The World’s Best Female Chef, Dominique Crenn, Talks Gender Imbalance in the Kitchen

The Daily Meal interviewed star chef Dominique Crenn about gender imbalance and the perfect Christmas dinner

“Female chefs, we’re here to stay, and we’re not going anywhere,” Crenn says.

Dominique Crenn, head chef and owner of the two-Michelin-starred Atelier Crenn in San Francisco, may be the “World’s Best Female Chef” (according to the World’s 50 Best Restaurants awards ceremony in June), but around the holidays, she’s known for making an incredible, traditional French Christmas dinner. The Daily Meal spoke with Crenn, who is partnering with LG Signature to promote its refrigerators, about her experience as a successful chef in the still-male-dominated industry of fine dining, as well as some lighter topics like what she’s making for Christmas dinner and some tips on how to host the perfect holiday feast.

The Daily Meal: Why do you think there are not as many female chefs, like yourself, with Michelin stars? How can the industry change to help that?

Dominique Crenn: It’s hard but it’s starting to shift a little bit, there are a lot of chefs in my industry that are women [and] they are amazing, but the media doesn’t pay attention to them. You pick up a magazine and the new best chef is usually a man.

But when I go to a conference, it’s unbelievable how many female chefs there are. Then I went to a conference in Paris and out of 65 chefs, only two were female. I looked at the organizer and said, “You did this!”

There is also still a difference in pay that needs to be addressed. It’s industry-wide. We need to have these conversations. There is work that needs to be done.

What advice do you have for young women who want to become world-class chefs someday?
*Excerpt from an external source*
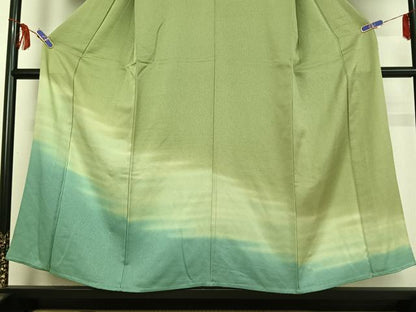 平和屋着物▽訪問着 単衣 縞 暈し染め 正絹 逸品 AABF8283jh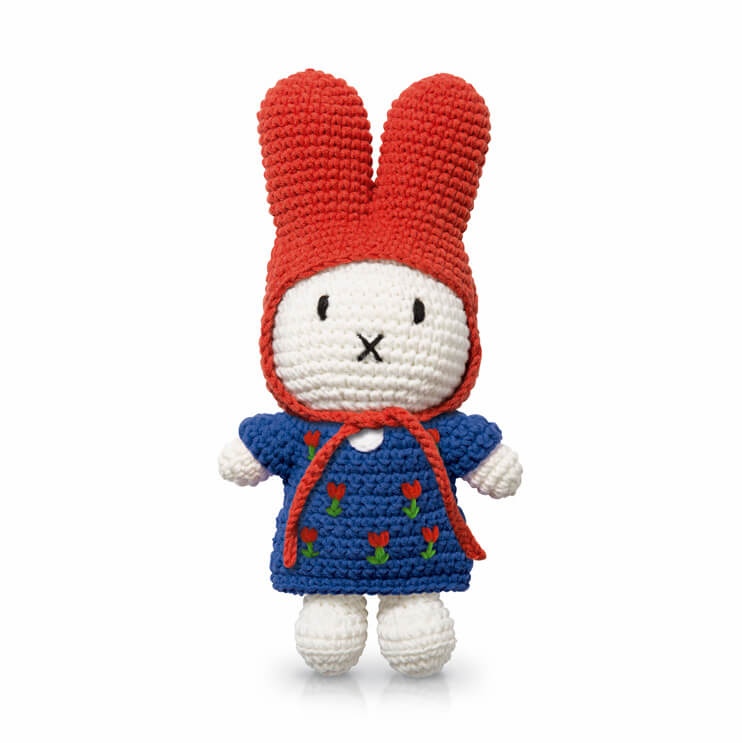 Miffy In Her Blue Tulip Dress And Red Hat by Miffy Handmade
They must have a lot of determination and desire and really focus on what they want. Dedication is important as well. It’s not about being a woman or a man; it’s about being who you want to be. Young women need to have the confidence to know who they are.

As Christmas is coming, what are you making for the holidays?

It’s going to be in line with a traditional French dinner: a lot of oysters, lot of beautiful vegetables, plenty of fish. I was thinking of cooking a turbot fish — it looks like flounder and is a delicious white fish. I cook it in a salt crust in the oven. We make a Dijon Beurre blanc with it and squeeze lemon over it, it’s fabulous. For dessert, the Bûche de Noël [a traditional Christmas log cake] and, of course, plenty of wine.

What is your number one tip for people hosting their first holiday dinner?

I think the number one thing is don’t stress out! Make a list before all things you need to do; don’t do everything the same day. Set the table the night before. You set the table and the day of cooking you’re ready to go.

What is a mistake a lot of people make when making holiday dinners?

I think they try to make too much food. I would think that most of the people don’t have commercial kitchens, so space is important. Maybe make six or seven items, or pre-order some items so you don’t take up space in the oven. You can make the dinner a little bit more focused; I think that’s the trick. Mix it up with hot food and cold, be conscious that the oven is not as big as you think it is.

After Christmas is over, there will obviously be a ton of leftovers. How do your organize your fridge to fit everything along with any fresh, uncooked food?


Storing food properly is important in any fridge. With LG, you can really organize your food the way it needs to be. The key is to have vegetables on one side, and never mix meat and vegetable and dairy because of the raw meat drippings. You don’t want to contaminate your food. That’s very important! It’s good to have a fridge that makes that easy.